[DATA SECTION]:
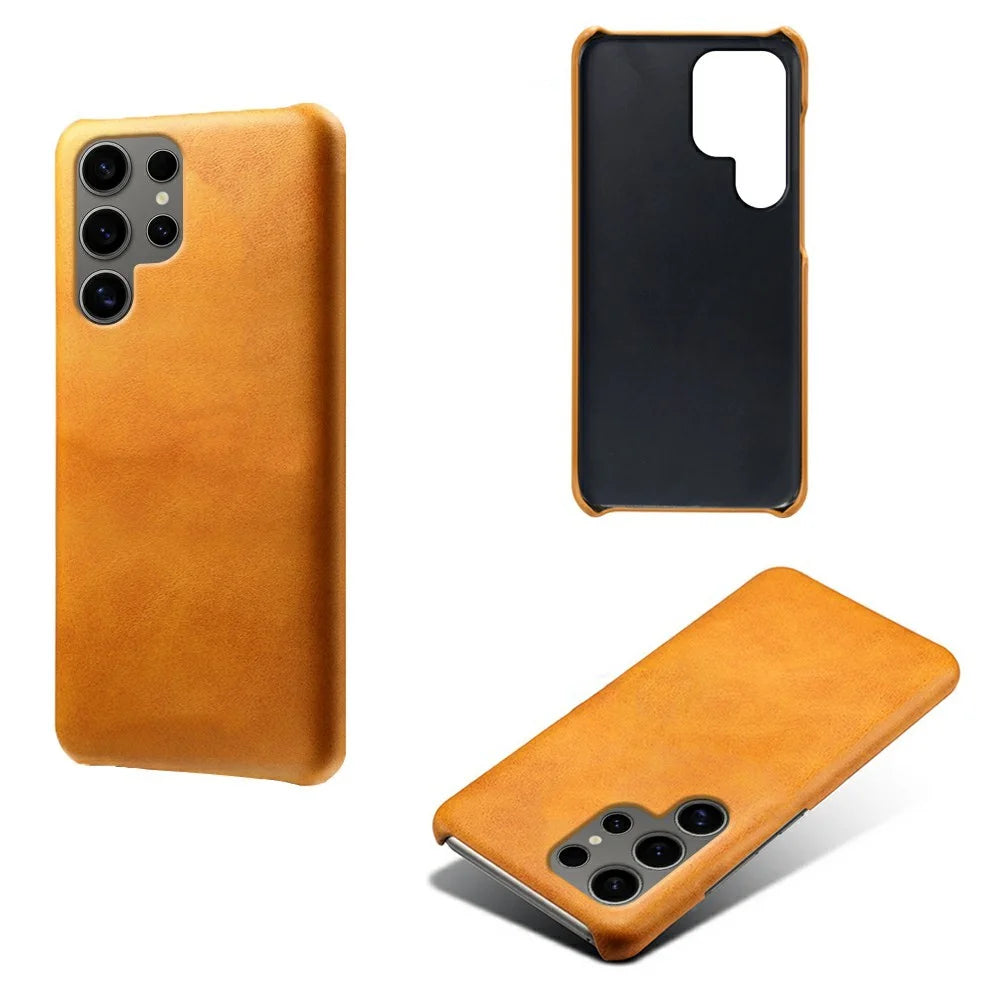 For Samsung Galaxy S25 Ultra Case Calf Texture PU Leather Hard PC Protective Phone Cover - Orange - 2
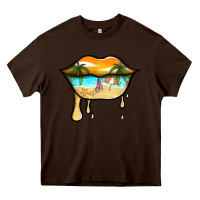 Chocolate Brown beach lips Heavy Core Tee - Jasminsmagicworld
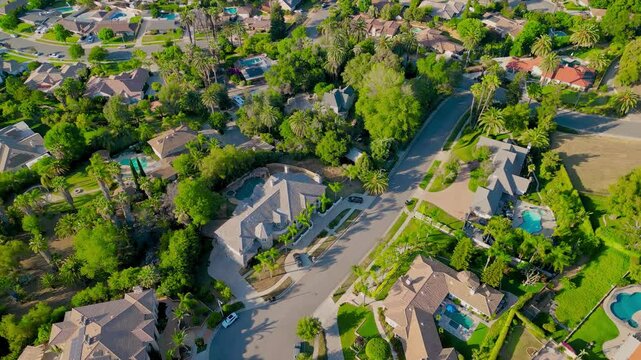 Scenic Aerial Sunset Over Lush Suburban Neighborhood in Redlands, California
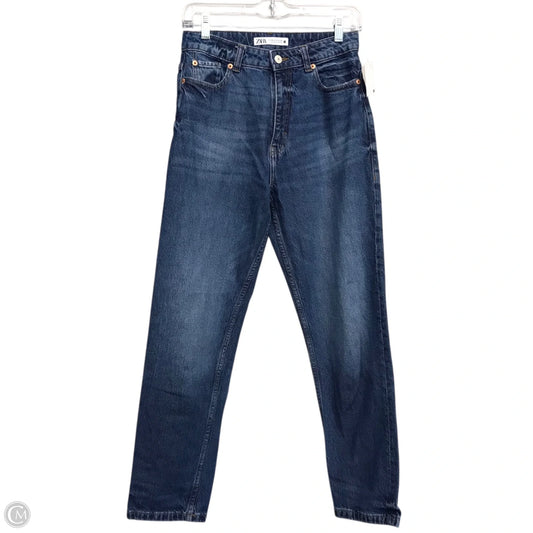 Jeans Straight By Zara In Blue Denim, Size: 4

[WORK ITEM]:
Return every line of the listing exactly, leaving its pictures behind.

[ANSWER SECTION]:
 For Samsung Galaxy S25 Ultra Case Calf Texture PU Leather Hard PC Protective Phone Cover - Orange - 2
 Chocolate Brown beach lips Heavy Core Tee - Jasminsmagicworld
 Scenic Aerial Sunset Over Lush Suburban Neighborhood in Redlands, California
 Jeans Straight By Zara In Blue Denim, Size: 4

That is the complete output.